I think the second thing is around the way in which health tends to be articulated. I think there tends to be quite a strong emphasis on what I suppose for some people would be called spiritual wellbeing, so the inner transition focus. Whilst I think it’s important to engage with that, I think the perception of that from outside can be seen as offputting and can seem to be focusing so much on the micro inner that it fails to be dealing with the population and real determinants-level stuff that impacts on the health and wellbeing of people at large.
Just following up on that I think it’s quite interesting because if you look at an organisation like Public Health England which was set up after the health reforms last year, it’s got quite a strong programme within its health and wellbeing directorate, healthy people, healthy places. Part of my vision would be to add in a third ‘p’ there, so it’s healthy people, healthy places, healthy planet. The healthy planet bit tends to be dealt with by another section, and I think that’s probably symptomatic of where we’re at with how health is linked and joined up.

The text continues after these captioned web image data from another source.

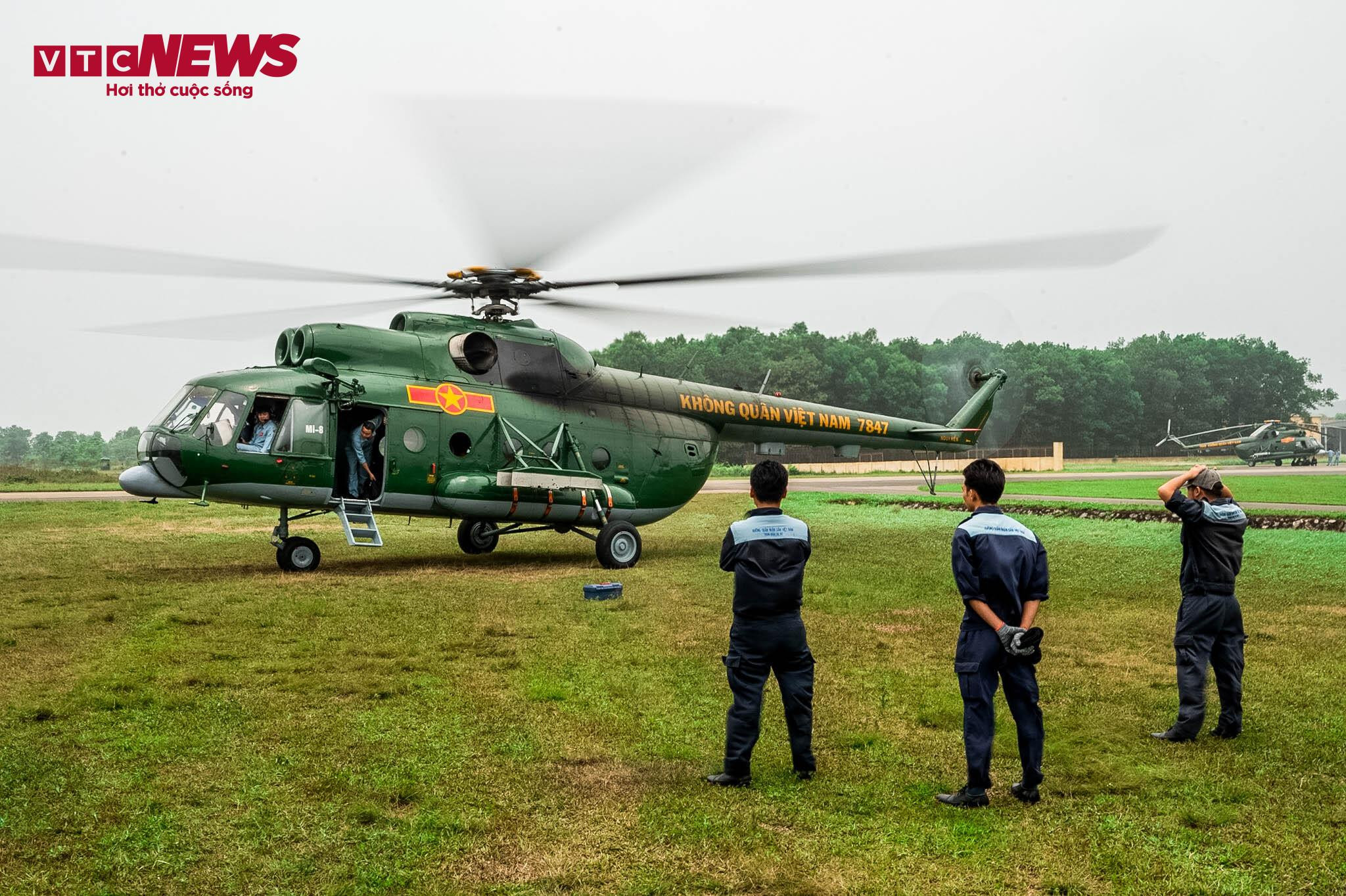 Phi đội trực thăng treo cờ bay diễn tập kỷ niệm 70 năm Chiến thắng Điện Biên Phủ - 8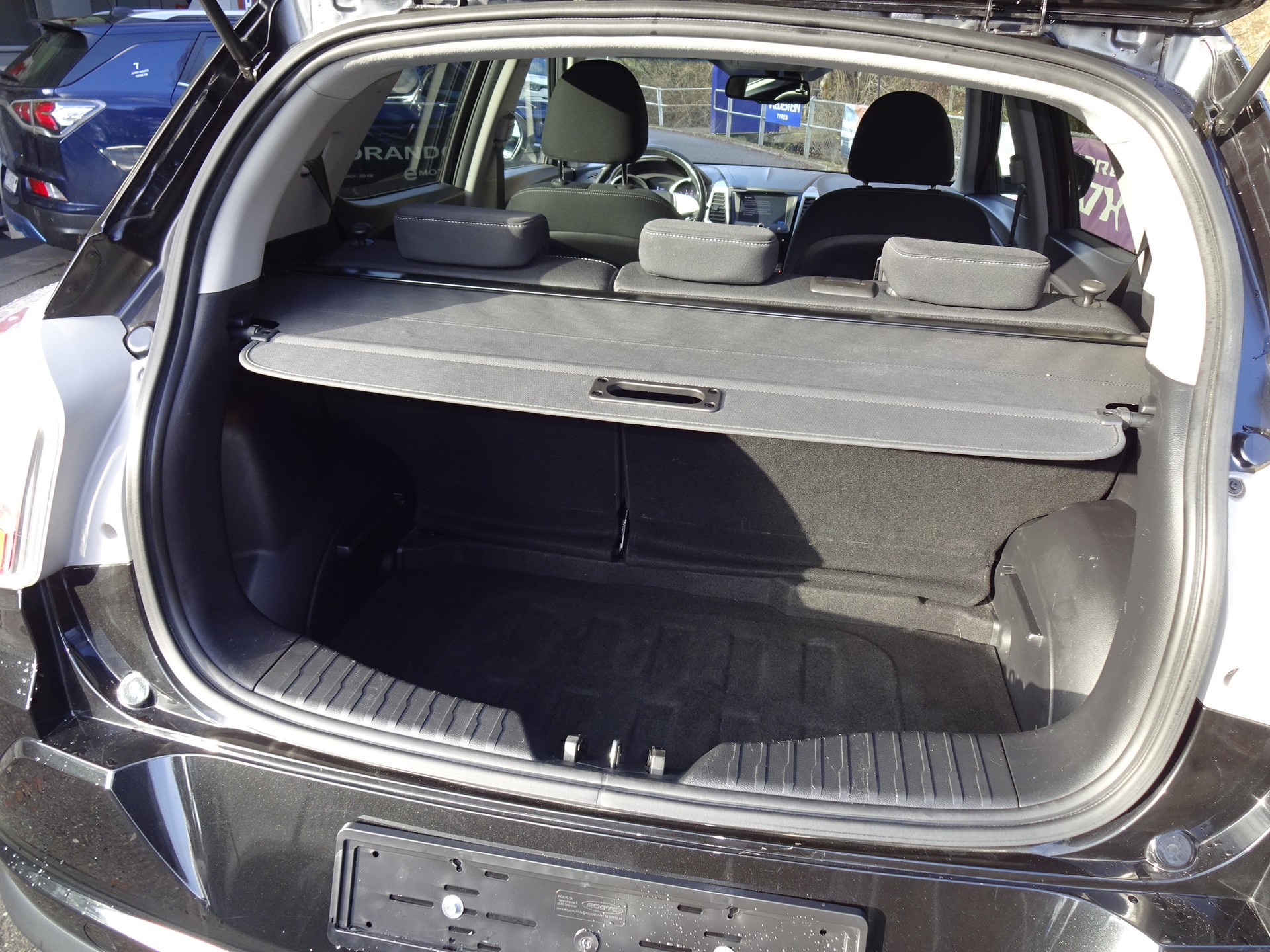 KGM-SsangYong Tivoli 1.6 e-XGi Quartz 2WD-image-8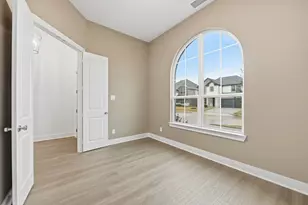 921 Schuberts Rd, Fort Worth, TX 76247 - Photo 16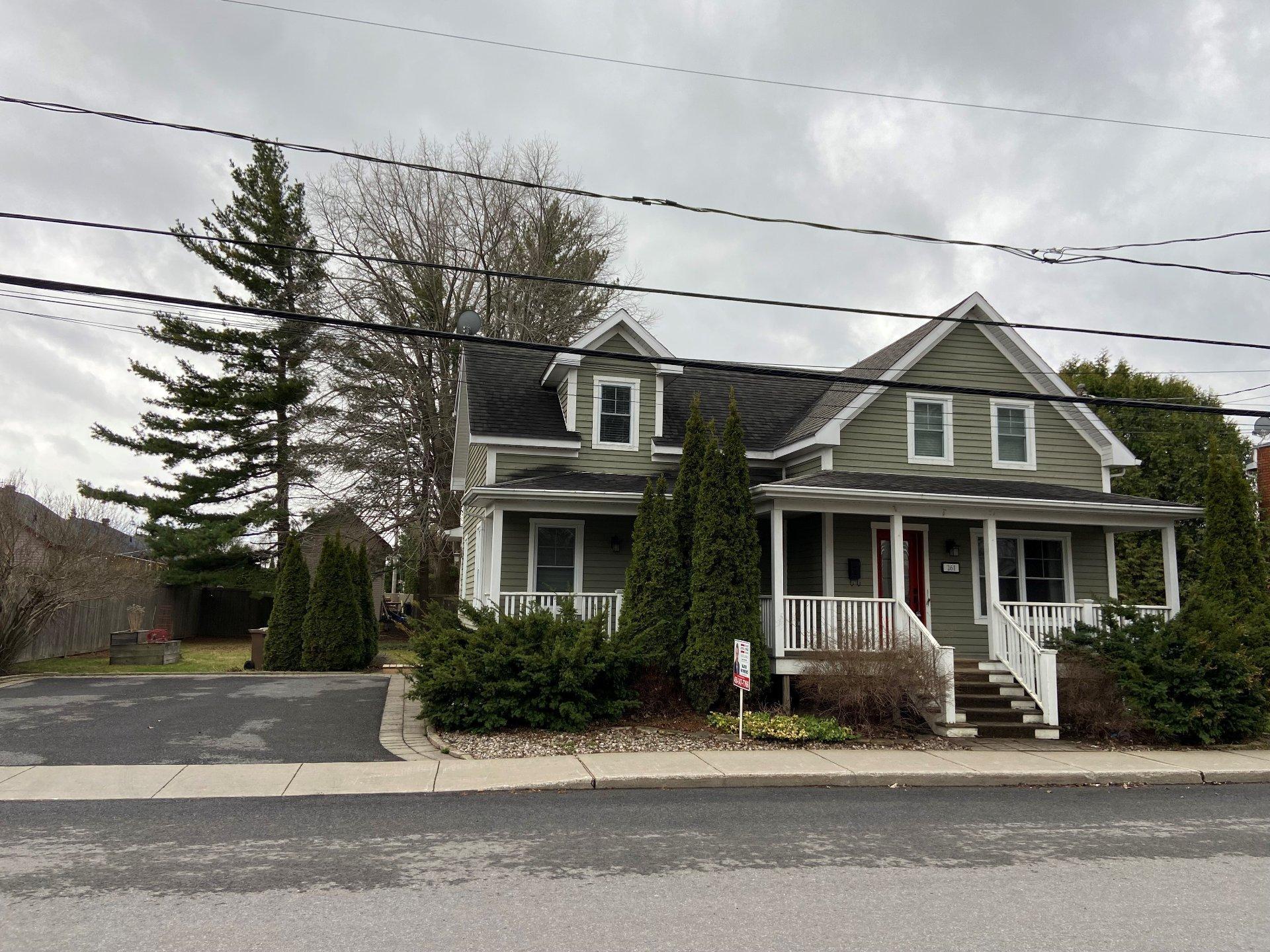 









261


1re Avenue

,
Saint-Jean-sur-Richelieu,




QC
J2X2E1

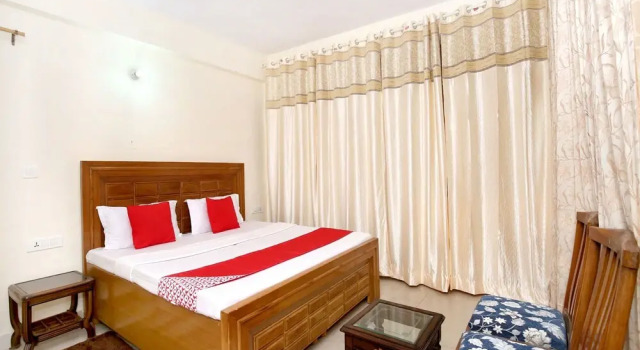 OYO 13128 Home 2BHK Boparai House Barog, Забронировать Дом для отпуска Виллы штата Химачал-Прадеш, Вилла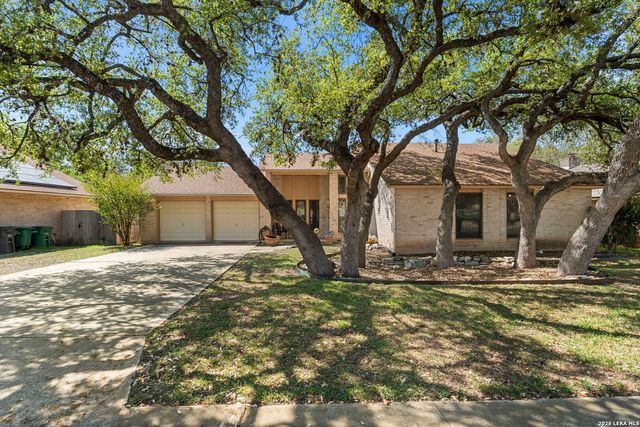 2422 Shadow Cliff St, San Antonio, TX 78232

There’s quite a lot that Transition groups can engage with but I also think there’s quite a lot we can learn from in terms of the cutting edge work that might not be called health but is dealing with fundamental health issues.

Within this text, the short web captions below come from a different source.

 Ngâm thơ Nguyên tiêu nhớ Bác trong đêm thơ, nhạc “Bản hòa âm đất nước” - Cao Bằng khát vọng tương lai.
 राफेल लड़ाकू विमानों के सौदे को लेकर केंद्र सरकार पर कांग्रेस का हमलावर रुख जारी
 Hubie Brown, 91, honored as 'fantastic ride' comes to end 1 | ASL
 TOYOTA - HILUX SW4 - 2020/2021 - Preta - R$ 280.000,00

You write and think about this a lot and are involved with it on the ground and making things happen. If everything were to fall into place beautifully over the next 10 years or so, what would public health look like in 10 years for you?
What it would look like is that actually we’d have something that was a lot more seamless, that we’d have health being seen as a core value and function within delivery organisations. We’d have that being seen as intricately related to and interconnected with other agendas rather than separate from them. I think we’d have a really balanced focus on acknowledging that there are very real needs and problems out there but there are also huge assets, capabilities and potentials so we’re moving away from that kind of negative needs-based culture to something which is actually celebrating and harnessing the assets and potentials of communities.
I think we’d also have something where there’s a real balance and mutual learning where we acknowledge the importance of government and other policy and delivery instruments but also bringing that together with the grassroots creativity, innovation and energy that I think characterises the Transition movement. At the moment I think there’s some way to go before that’s fully connected.